Le risque "n'est certainement pas nul, mais il est clair qu'il est très faible", a-t-elle déclaré.

L'une des préoccupations persistantes parmi les scientifiques était que même une personne vaccinée pouvait être porteuse du virus - peut-être brièvement, sans symptômes - et le transmettre à d'autres. Mais C.D.C. la recherche, y compris la nouvelle étude, a systématiquement trouvé peu d'infections parmi ceux qui ont reçu les vaccins Pfizer-BioNTech et Moderna.

"Cette étude, ajoutée aux nombreuses études qui l'ont précédée, a été cruciale pour C.D.C. changer ses recommandations pour ceux qui sont complètement vaccinés contre Covid-19 ", a déclaré le Dr Walensky dans un communiqué vendredi.

D'autres études récentes confirment que les personnes infectées après la vaccination portent trop peu de virus pour infecter les autres, a déclaré Florian Krammer, virologue à l'école de médecine Icahn du mont Sinaï.

"Il est parfois très difficile de séquencer le virus, car il y a très peu de virus, et il est là pour une courte période de temps", a-t-il déclaré.

Pourtant, la plupart des données ont été recueillies sur les vaccins Pfizer-BioNTech et Moderna, a averti le Dr Krammer.
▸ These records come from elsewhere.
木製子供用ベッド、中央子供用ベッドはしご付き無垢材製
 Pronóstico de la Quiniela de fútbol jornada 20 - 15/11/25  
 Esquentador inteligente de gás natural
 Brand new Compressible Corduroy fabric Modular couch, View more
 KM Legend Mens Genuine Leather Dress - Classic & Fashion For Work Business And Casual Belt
Étant donné que le vaccin de Johnson & Johnson a été autorisé plus tard, il existe moins d’études évaluant son efficacité.

Des Australiens bloqués dans l'Inde ravagée par le coronavirus ont atterri à Darwin lors du premier vol de rapatriement après l'interdiction. Crédit.. STEWART GOULD / EPA, via ShutterstockQuelques jours après avoir mis fin à son interdiction qui divisait d'autoriser les citoyens à revenir d'Inde, l'Australie a effectué son premier vol de rapatriement depuis ce pays, l'avion partant de New Delhi et arrivant à Darwin, dans le Territoire du Nord de l'Australie, samedi.
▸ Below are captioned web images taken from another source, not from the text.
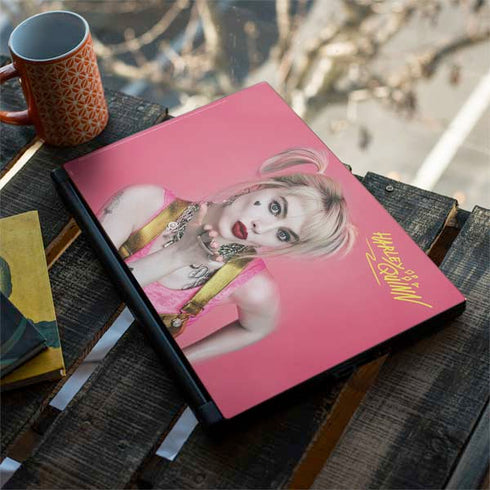 DC Comics Harley Quinn Movie Character Poster MSI GS65 Stealth Laptop Skin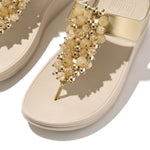 Load image into Gallery viewer, Fit Flop Fino Platino Bauble Toe Post Sandals

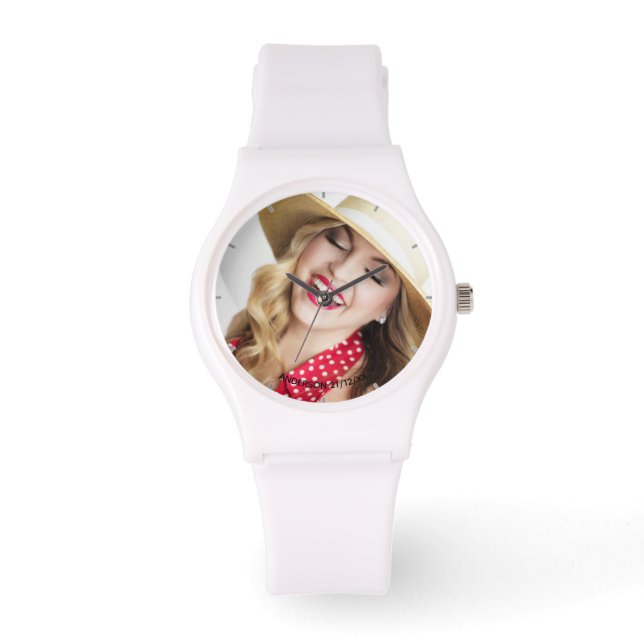 Dames PHOTO Let op 25e 30e of ELKE verjaardag Horloge (Voorkant)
Le vol devait transporter 150 passagers, mais seulement 80 personnes s'y trouvaient, après que 70 personnes se soient vu interdire de voyager parce qu'eux-mêmes ou leurs proches avaient été testés positifs pour Covid-19, selon le gouvernement australien. Les nouveaux arrivants en Australie font désormais face à deux semaines de quarantaine dans un camp minier reconverti à l'extérieur de Darwin.
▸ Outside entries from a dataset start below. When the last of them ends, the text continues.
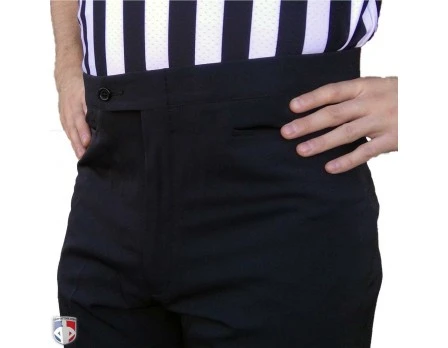 Smitty Officials Apparel Smitty Performance 4-Way Stretch Tapered Fit Flat Front Referee Pants With Western-Cut Pockets - Image 7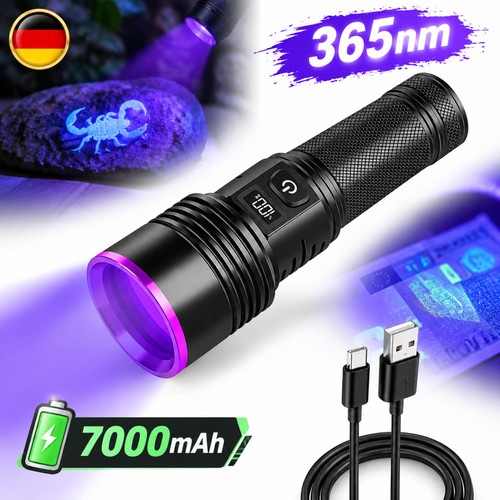 365nm schwarzlicht handlampe - schwarzlicht,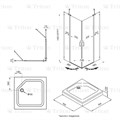 Душевой уголок TRITON ТАУ 90х90 см, черный ТАУ - фото 17171 Душевой уголок TRITON ТАУ 90х90 см, черный ТАУ - фото 17171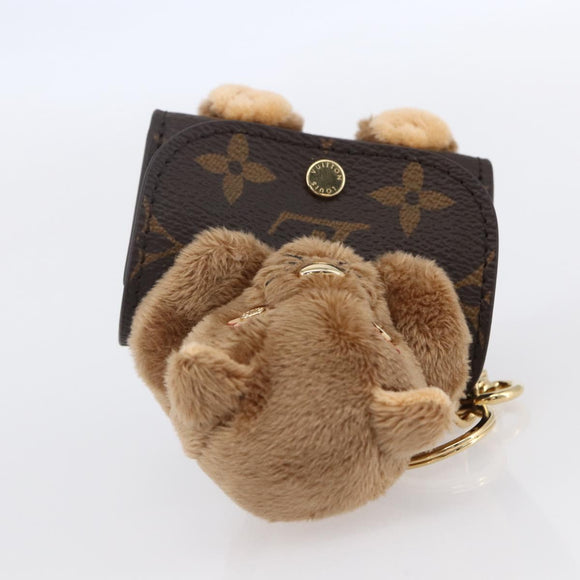 LOUIS VUITTON Monogram Bag Charm LV Cute Key Holder M01561 LV Auth 154029SM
En raison des tests pré-vol rigoureux effectués en Australie, dans lesquels les passagers doivent présenter deux tests négatifs pour Covid-19, les sièges n'ont pas pu être attribués à d'autres passagers. Au moins 9 500 Australiens en Inde se sont inscrits comme souhaitant rentrer chez eux. Environ 1 000 de ces personnes sont classées "vulnérables" pour des raisons de santé ou financières.

Lorsque le nombre de nouveaux cas de coronavirus a commencé une ascension périlleuse en Inde le mois dernier, l'Australie a suivi les traces de la Nouvelle-Zélande et a imposé une interdiction temporaire de voyager depuis l'Inde. Ceux qui ont défié l'interdiction ont été menacés d'emprisonnement ou de lourdes amendes. La politique a été fortement critiquée et qualifiée de violation des droits de l'homme par les législateurs, les groupes de défense et ceux de la diaspora indienne.

L'Australie a adopté une approche stricte pour gérer la pandémie, notamment en fermant ses frontières et en imposant des restrictions de voyage qui devraient être en place jusqu'en 2022, selon les dernières directives gouvernementales. De nombreux citoyens australiens sont toujours bloqués à l'étranger, incapables de trouver des places dans des installations isolées ou de s'offrir des vols de retour qui pourraient coûter des dizaines de milliers de dollars pour un aller simple. Les mesures ont pratiquement éliminé la transmission communautaire du virus.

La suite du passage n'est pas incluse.